While these generous attempts by the two great institutions are in the right direction, the current situation in Kenya points to some structural deficiencies coupled with dragging dispositions on the part of stakeholders and the international community in response to issues bordering on the very survival of people on the continent.
Unlike the Tsunami, Katrina and the Pakistani earthquake all of which occurred like a bolt from the blue, the warning signals about the looming crisis in Kenya have been sent out early enough to prompt the international community to start taking steps to contain the situation to avert the unfolding disaster, but unfortunately business is as usual.
Let us face it: the UN’s much-trumpeted Millennium Development Goals, debt relief and the doubling of aid to the continent by the world’s richest countries and other charities directed towards the reduction of poverty and hunger are beginning to be fractured by these events just like other laudable measures in the past, which could not deliver the needed remedies due to lack of commitment in their implementation.
The signs are clear that, if we continue business as usual, without the commitments that are required of us in order to deliver the needed remedies to these economies to bring them back on track, we may lose it all.
Reflecting on the plight of those caught up in this vicious cycle of starvation, it is clear that they need to live for today to rekindle in them the hope of living to see tomorrows new Kenya , Niger, Zimbabwe, Sudan, Somalia and, in fact, a transformed Africa (with a complete makeover) where poverty is halved and hunger is arrested completely.
It is depressing to behold, on the screens, the sight of some parents praying sincerely for their infant babies to close their eyes and never to open them again, hoping they may be relieved of all the pain by giving up the ghost. Others starving mothers continue to offer their breast, which must have ceased lactation for days if not weeks, to their hunger-weary children to stop them from sobbing but to no avail.
For those young ones who may survive, the lifelong effects, which may impair their physical and psychological development, are inevitable as these excruciating experiences are occurring during the most delicate periods of their lives-the brain’s most formative years.
Incontrovertibly, children are the hope for the future of any generation of people and, if so, the world must consider the plight of these children who hold the key to Africa’s future, and respond to their call. Let’s not look on unconcerned whilst their lives are abruptly ended because of starvation.

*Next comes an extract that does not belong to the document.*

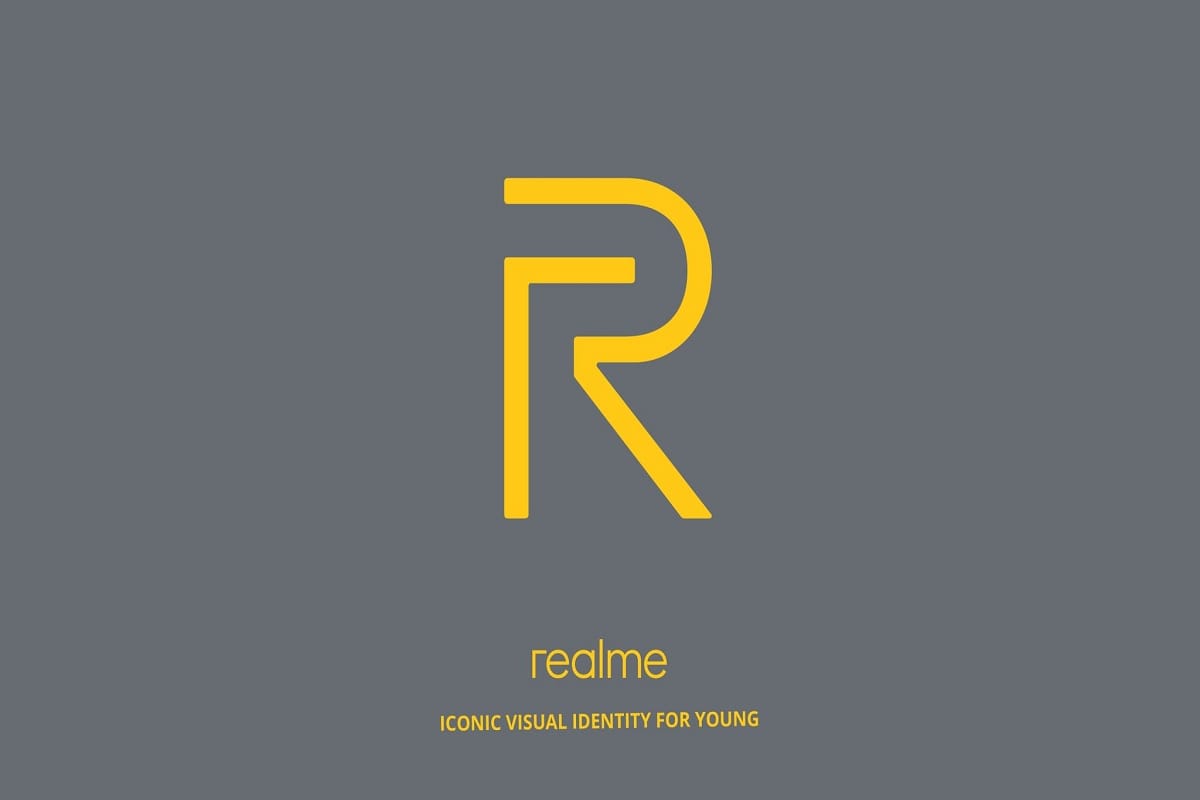 Realme India issues a public Waring for a fake website, details here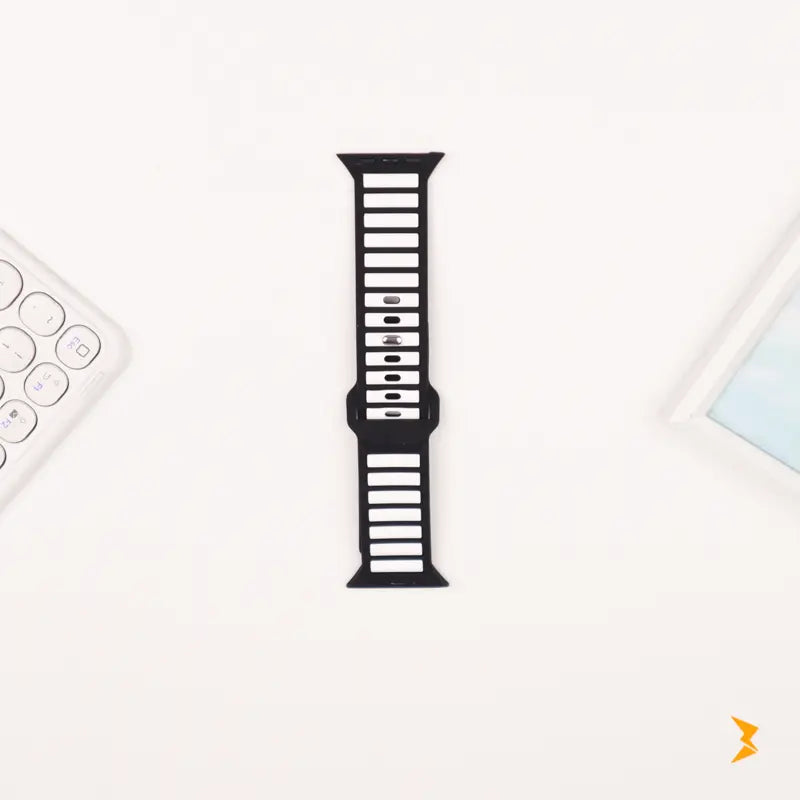 Okhard Sillicone Band For Apple Watch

There is also the need for African governments to consider provisions that will allow for voluntary but facilitated relocation of some of these individuals caught up in this hopeless situation rather than making it difficult for them to move out of these locales. Confining people to these locales will only be suicidal, as insights into the long-term weather conditions on the continent points to a complete drying up of water resources in some locales where people are still confined. The signs are manifesting in these areas, so let us act now to reduce human pain and suffering.